Here are some tips to make the most of your patch of fruits & veggies:
- Sow winter cover crops (such as winter rye) in the fall. Turn the crop into the soil in soil in spring
- Mulch beds with composts or manures: they protect soil, suppress cool season weed growth, and contribute to carbon and nutrient cycling.
- Leave crop residue from last year and allow material to decompose on site. This aids nutrient cycling, and improve soil structure.

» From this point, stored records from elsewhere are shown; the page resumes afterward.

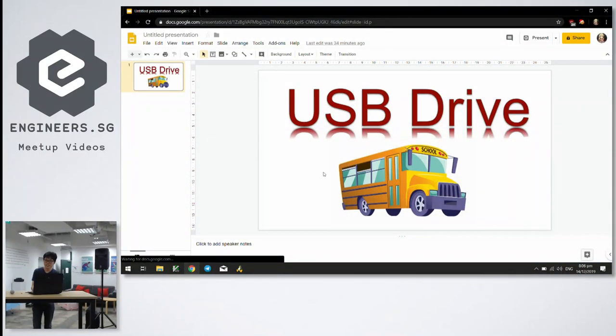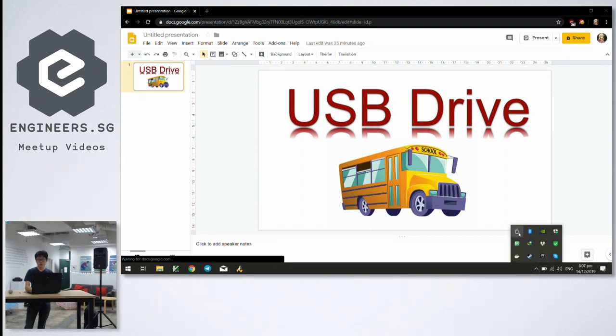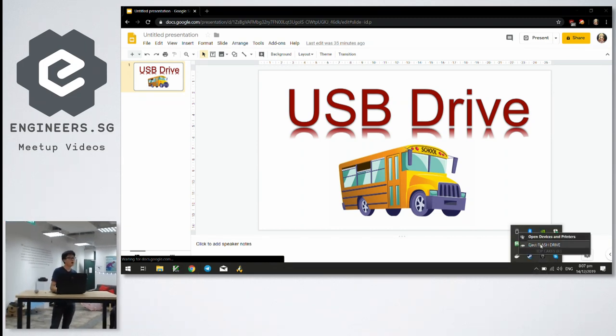I created this application because I was tired of safely removing my USB drive. Right now the current way you do it is you go here and safely eject, but the problem is that it's not fun enough. So that's why I created this.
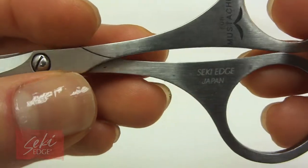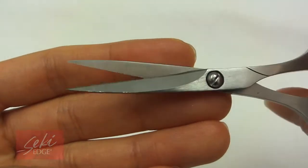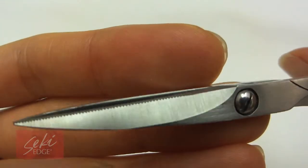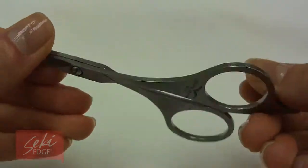The stainless steel mustache scissors are specifically designed to shape and trim your mustache and beard. Made of durable stainless steel, the sharp serrated cutting edges catch and hold hair when cutting to prevent slipping, and the large finger holes allow you to hold the scissors comfortably so you can trim even the coarsest of facial hair.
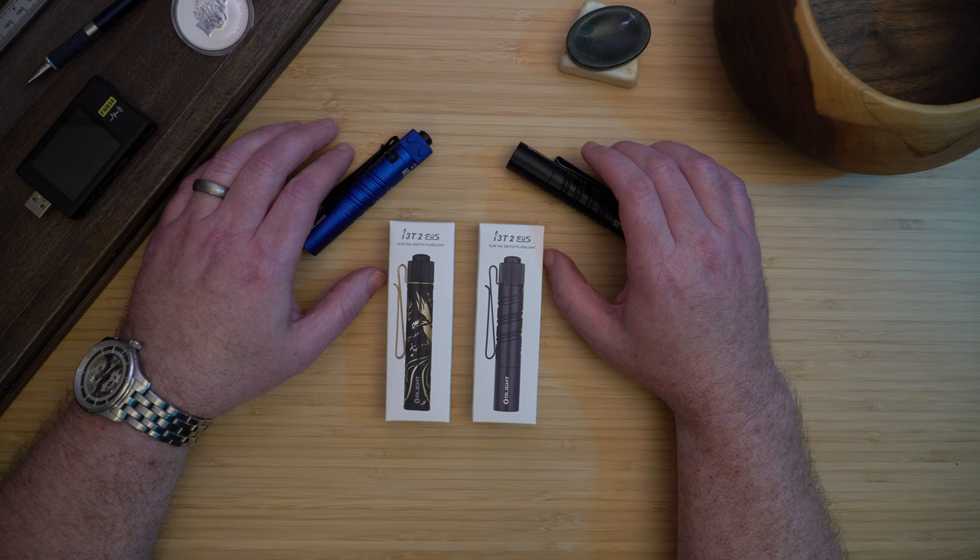Welcome. Today we'll be looking at the Olight i3T2 EOS and diving deep into its features. We'll also look at a unique addition that's not just a flashlight, but a piece of art. Stay tuned to see why this light is causing such a buzz and discover the groundbreaking feature that puts the i3T2 EOS in a league of its own, challenging the boundaries of traditional AAA flashlights.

- When it comes to direct-sow planting, arugula, corn salad (mâche), scallions, radish, and lettuce and soy beans (under a crop cover) are great in September, and broad beans and radish (if warm, otherwise under a crop cover) in October. Garlic should be planted anytime between late September to early November.
Keep an Eye on Containers
Don’t forget to check containers for water through the fall and winter—many plants in containers die from lack of water in winter if they are kept under overhanging balconies, decks, and other coverings. Also, be prepared to move or protect plants if the temperature gets very cold, and huddle plants together in small containers for insulation.
TIP: Be sure that containers are not sitting in water: allow for drainage (3mm is enough) using 25mm tiles as spacers.
Grow Your Own Winter Wonderland
Garden stores across Metro Vancouver, including the Shop & Garden Centre at UBC Botanical Garden, usually have plants for winter interest from mid-fall onwards. Have fun with them as you create your own winter garden—what about a winter-themed container or hanging basket?